Do honorifics pass a market test?

Following on my discussion from the other day, it is worth thinking about whether new institutions or sectors work very hard to set up a lot of honorific titles.  So many of our standard honorifics come from quite old sectors, such as the military or religion or the nobility.  Are the new sectors seeking to copy those practices?

The world of gaming is quite new, and I do not think it does much to award generalized honorific titles per se, noting that naming competition winners as victors is a fundamentally different practice.

The world of tech is (mostly) pretty new, and it too does not rely much on titles.  Stock options are more important!  Of course you might call someone “employee #37,” but do they go around referring to “Programmer Smith”?  Yes Smith deserves “respect,” but somehow they don’t take it in that direction.

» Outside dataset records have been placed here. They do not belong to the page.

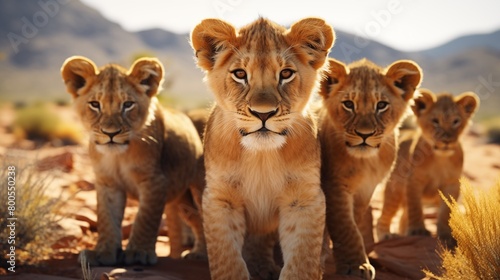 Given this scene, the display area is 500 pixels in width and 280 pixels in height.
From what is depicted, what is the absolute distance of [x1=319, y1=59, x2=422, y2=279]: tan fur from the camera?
542 cm

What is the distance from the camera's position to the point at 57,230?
23.1ft

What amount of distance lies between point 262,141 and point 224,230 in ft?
2.54

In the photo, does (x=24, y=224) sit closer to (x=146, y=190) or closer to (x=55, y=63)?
(x=146, y=190)

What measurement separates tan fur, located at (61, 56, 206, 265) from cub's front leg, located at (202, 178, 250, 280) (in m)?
1.49

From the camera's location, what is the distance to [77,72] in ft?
20.3

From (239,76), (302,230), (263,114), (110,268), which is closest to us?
(263,114)

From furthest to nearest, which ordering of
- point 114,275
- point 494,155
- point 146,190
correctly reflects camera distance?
point 494,155
point 146,190
point 114,275

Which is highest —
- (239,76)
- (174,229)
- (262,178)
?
(239,76)

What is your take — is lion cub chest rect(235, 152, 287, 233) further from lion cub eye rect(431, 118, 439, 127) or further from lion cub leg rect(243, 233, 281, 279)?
lion cub eye rect(431, 118, 439, 127)

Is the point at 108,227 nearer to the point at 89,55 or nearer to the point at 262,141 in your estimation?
the point at 262,141

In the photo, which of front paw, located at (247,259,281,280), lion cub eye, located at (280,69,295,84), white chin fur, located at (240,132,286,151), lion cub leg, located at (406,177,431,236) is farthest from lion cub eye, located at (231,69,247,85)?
lion cub leg, located at (406,177,431,236)

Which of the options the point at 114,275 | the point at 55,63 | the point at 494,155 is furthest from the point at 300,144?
the point at 55,63

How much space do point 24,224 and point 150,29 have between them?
99.0 m

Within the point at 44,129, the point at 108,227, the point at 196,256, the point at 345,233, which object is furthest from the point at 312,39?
the point at 44,129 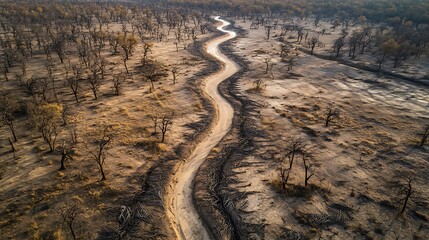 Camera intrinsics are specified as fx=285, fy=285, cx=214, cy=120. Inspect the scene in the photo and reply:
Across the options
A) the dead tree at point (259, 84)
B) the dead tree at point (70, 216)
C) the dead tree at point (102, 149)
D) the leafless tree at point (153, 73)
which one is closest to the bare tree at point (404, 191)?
the dead tree at point (70, 216)

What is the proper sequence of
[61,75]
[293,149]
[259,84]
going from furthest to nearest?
[61,75]
[259,84]
[293,149]

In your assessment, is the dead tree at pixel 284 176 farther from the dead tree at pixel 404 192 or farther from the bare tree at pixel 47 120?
the bare tree at pixel 47 120

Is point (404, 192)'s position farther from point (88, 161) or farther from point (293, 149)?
point (88, 161)

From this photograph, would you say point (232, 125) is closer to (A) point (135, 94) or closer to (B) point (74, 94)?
(A) point (135, 94)

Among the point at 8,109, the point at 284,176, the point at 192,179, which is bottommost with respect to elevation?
the point at 192,179

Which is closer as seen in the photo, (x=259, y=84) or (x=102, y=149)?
(x=102, y=149)

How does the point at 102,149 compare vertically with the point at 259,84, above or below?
below

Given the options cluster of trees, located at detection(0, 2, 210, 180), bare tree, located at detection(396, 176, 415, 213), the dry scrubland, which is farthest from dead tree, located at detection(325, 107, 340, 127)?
cluster of trees, located at detection(0, 2, 210, 180)

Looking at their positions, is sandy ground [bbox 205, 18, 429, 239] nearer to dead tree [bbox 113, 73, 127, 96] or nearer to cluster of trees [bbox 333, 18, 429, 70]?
cluster of trees [bbox 333, 18, 429, 70]

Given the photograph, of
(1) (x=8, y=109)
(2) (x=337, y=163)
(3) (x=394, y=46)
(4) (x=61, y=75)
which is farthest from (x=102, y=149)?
(3) (x=394, y=46) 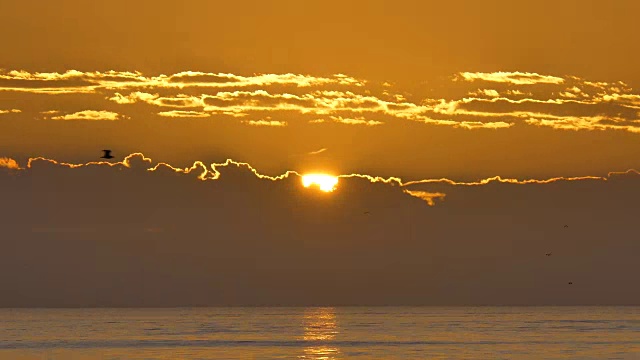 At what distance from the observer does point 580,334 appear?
600ft

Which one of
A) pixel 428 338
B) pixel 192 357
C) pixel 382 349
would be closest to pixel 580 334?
pixel 428 338

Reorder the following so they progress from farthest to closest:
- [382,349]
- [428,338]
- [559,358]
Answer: [428,338]
[382,349]
[559,358]

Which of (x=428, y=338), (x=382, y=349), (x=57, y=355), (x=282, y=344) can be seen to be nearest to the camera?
(x=57, y=355)

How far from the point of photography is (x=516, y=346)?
145m

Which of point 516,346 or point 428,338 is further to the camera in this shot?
point 428,338

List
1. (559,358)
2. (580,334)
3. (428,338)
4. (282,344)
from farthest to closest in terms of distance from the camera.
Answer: (580,334) → (428,338) → (282,344) → (559,358)

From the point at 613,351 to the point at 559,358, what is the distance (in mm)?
13665

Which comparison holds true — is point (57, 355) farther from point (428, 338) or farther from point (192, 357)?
point (428, 338)

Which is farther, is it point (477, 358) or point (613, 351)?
point (613, 351)

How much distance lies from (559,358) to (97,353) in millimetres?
47775

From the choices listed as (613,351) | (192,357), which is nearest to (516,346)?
(613,351)

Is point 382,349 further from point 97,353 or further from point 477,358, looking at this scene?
point 97,353

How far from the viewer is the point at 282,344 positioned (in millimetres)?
154750

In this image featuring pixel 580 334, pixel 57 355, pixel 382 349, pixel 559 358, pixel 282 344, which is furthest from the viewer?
pixel 580 334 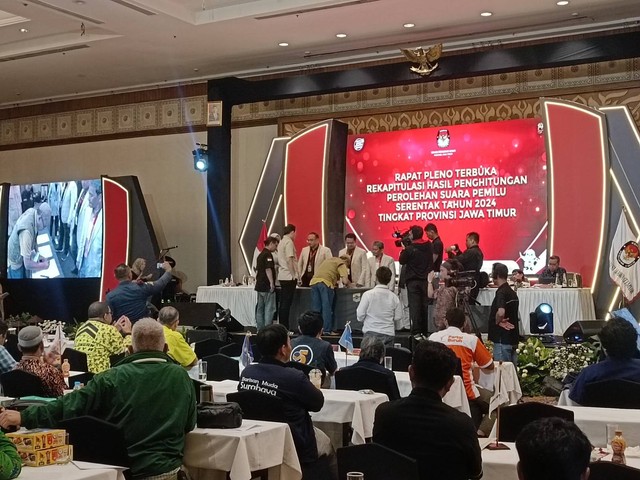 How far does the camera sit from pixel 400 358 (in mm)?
7715

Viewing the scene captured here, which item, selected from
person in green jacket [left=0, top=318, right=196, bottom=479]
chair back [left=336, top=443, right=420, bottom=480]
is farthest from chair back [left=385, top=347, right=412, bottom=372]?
chair back [left=336, top=443, right=420, bottom=480]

If honorific titles are so wonderful, why do most new institutions seem to be honorific-shy?  Surely a lot of the benefit from such honorific titles ought to be internal to the organization.

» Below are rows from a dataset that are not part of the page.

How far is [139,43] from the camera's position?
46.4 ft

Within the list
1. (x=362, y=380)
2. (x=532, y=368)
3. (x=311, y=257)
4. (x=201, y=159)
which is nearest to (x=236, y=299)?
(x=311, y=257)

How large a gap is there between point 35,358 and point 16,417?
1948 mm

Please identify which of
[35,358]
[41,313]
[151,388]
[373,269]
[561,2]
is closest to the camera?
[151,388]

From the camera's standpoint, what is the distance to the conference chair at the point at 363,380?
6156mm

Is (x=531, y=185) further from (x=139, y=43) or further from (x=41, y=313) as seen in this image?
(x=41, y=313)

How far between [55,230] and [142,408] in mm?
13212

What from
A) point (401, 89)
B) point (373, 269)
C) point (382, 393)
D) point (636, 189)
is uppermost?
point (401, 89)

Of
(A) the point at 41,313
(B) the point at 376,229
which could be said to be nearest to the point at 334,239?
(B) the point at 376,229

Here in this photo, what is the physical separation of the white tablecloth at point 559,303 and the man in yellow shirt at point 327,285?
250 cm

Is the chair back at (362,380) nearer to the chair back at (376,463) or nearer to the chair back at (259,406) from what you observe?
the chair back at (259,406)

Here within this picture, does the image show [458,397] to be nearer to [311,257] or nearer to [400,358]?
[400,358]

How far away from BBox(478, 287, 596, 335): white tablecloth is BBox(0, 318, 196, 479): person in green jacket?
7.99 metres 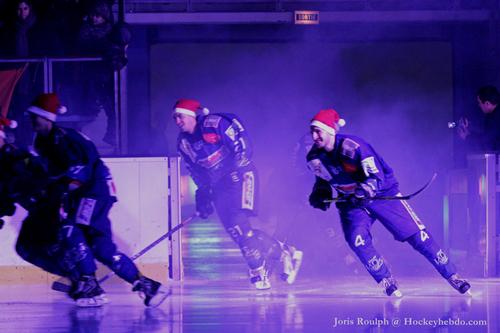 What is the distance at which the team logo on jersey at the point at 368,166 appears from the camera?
8.20m

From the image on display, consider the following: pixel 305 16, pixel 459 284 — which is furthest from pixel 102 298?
pixel 305 16

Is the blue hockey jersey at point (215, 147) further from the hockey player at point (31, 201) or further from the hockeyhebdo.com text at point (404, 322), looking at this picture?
the hockeyhebdo.com text at point (404, 322)

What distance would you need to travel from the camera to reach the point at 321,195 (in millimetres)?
8500

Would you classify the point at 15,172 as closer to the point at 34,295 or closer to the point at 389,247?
the point at 34,295

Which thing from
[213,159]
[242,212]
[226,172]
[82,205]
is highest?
[213,159]

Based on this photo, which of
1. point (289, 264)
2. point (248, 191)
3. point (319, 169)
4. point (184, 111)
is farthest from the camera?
point (289, 264)

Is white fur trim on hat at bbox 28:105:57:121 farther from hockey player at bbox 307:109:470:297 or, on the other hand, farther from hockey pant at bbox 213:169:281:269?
hockey player at bbox 307:109:470:297

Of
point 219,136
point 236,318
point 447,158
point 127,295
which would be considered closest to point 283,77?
point 447,158

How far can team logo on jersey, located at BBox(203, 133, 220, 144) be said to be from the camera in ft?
30.7

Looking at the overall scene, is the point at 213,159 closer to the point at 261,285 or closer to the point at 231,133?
the point at 231,133

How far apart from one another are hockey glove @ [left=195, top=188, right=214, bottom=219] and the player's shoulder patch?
164cm

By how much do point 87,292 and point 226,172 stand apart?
184 cm

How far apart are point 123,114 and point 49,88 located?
34.3 inches

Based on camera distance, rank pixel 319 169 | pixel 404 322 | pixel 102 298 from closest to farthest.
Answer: pixel 404 322
pixel 102 298
pixel 319 169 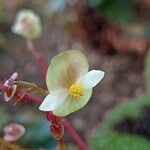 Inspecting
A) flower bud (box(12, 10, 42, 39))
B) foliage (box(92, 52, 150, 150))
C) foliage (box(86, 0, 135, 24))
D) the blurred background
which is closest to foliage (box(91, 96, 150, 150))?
foliage (box(92, 52, 150, 150))

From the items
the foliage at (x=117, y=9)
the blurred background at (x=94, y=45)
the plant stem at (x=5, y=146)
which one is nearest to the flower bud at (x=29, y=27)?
the plant stem at (x=5, y=146)

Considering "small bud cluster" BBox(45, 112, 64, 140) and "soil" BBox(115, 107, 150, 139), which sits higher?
"small bud cluster" BBox(45, 112, 64, 140)

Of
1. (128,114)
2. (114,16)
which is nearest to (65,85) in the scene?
(128,114)

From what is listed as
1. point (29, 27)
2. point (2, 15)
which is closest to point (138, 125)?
point (29, 27)

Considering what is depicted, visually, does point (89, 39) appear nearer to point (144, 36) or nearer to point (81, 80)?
point (144, 36)

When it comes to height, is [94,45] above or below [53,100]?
below

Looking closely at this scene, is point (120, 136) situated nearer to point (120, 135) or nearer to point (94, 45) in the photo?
point (120, 135)

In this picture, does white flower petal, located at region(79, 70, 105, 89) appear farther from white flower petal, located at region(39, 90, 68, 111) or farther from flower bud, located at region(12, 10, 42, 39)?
flower bud, located at region(12, 10, 42, 39) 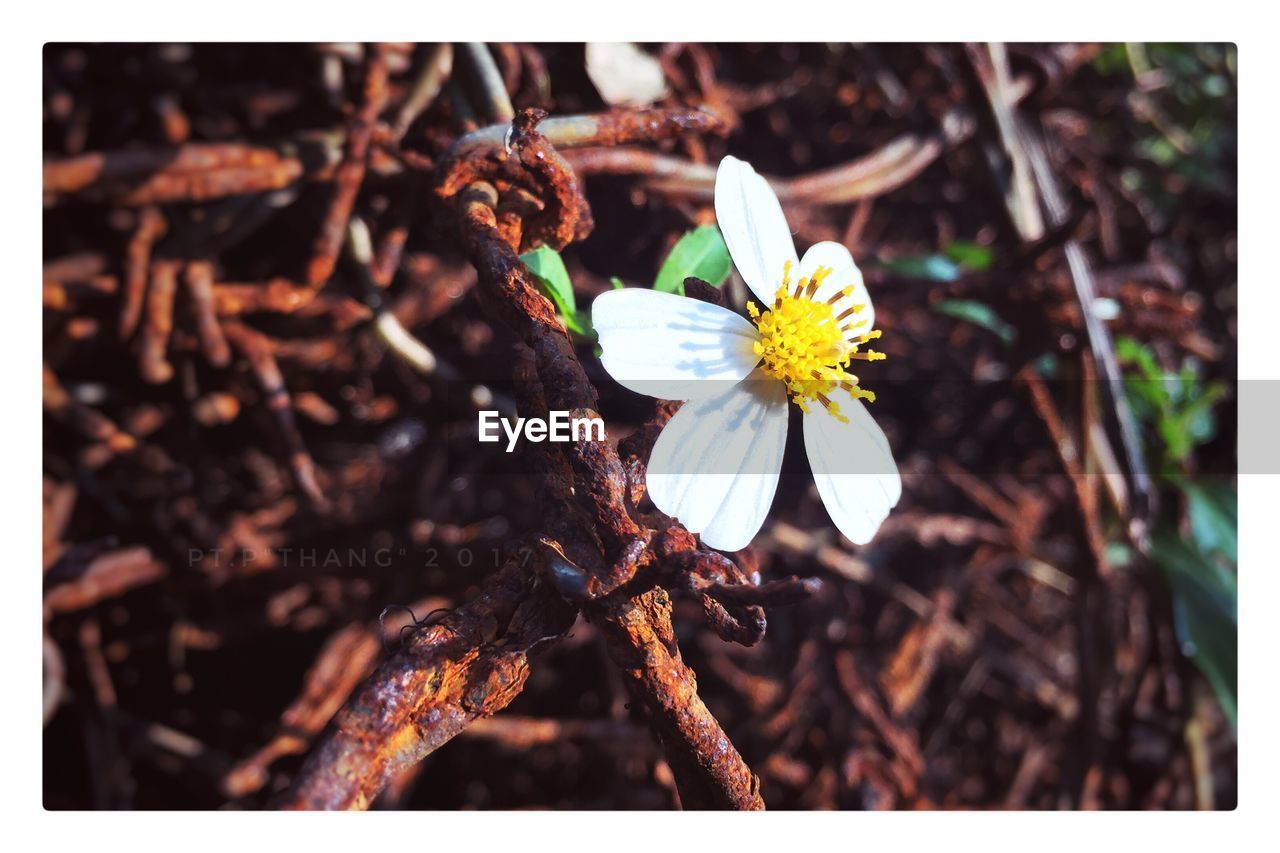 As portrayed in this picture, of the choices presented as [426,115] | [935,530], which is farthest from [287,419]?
[935,530]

(As an aside, I think of women as being treated much better in think tanks and research centers than in academia, and in relative terms having superior opportunities.  And yet there are no formal honorific titles such as “Professor” in the former institutions.  I am not suggesting causality here, but still it seems that the more informal systems are hardly a train wreck for women as a whole.)

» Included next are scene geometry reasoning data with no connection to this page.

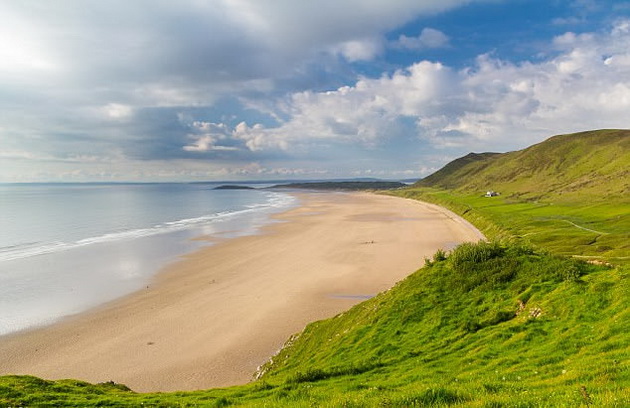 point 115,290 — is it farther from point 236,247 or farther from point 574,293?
point 574,293

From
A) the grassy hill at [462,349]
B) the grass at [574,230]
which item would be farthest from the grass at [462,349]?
the grass at [574,230]

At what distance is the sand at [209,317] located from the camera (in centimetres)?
2648

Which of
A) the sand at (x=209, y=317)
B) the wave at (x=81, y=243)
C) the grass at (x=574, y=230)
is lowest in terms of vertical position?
the sand at (x=209, y=317)

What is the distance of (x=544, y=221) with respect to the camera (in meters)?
76.8

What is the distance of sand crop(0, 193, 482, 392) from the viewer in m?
26.5

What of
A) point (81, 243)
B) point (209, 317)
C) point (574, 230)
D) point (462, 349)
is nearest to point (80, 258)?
point (81, 243)

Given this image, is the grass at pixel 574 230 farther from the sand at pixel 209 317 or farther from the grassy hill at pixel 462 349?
the sand at pixel 209 317

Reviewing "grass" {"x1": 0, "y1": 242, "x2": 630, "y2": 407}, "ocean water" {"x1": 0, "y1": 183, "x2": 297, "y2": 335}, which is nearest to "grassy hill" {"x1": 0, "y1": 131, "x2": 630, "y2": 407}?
"grass" {"x1": 0, "y1": 242, "x2": 630, "y2": 407}

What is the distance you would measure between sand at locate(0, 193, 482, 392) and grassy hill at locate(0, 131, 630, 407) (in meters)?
5.56

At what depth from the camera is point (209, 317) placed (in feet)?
117

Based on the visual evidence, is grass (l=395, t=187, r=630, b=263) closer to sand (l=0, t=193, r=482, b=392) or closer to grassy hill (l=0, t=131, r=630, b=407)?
grassy hill (l=0, t=131, r=630, b=407)

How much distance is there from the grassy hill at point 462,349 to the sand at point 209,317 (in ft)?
18.2

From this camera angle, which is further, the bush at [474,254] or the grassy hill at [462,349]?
the bush at [474,254]

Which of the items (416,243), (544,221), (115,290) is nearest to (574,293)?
(115,290)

Clearly, titles do benefit particular individuals, such as those who are currently not receiving enough respect in their jobs.  But for larger groups as a whole, does it make sense to double down on the honorifics strategy?  In a world where say YouTube stars have more and more influence each year?  Where actual performance in most sectors is easy to measure than ever before?  Is it really so great to so validate the notion of “having done all your homework”?  Honorifics impose lots of costs on the broader group by formalizing hierarchies and making them based on the achievement of arbitrary credentialized plateaus, such as receiving a Ph.D.  Would you really want to invest in the group that wanted to move in the honorifics direction?  Or would you instead think of them as fighting yesterday’s war of ideas?

Can you think of significant new sectors that are investing in honorific titles?  If not, what should you infer from that?  You might claim that titles in the military are tried, true, and tested, and you would be right.  But at the margin should we have greater or less emphasis on titled honorifics as the world changes moving forward?  What are the market data telling us right now?

You already know what I think.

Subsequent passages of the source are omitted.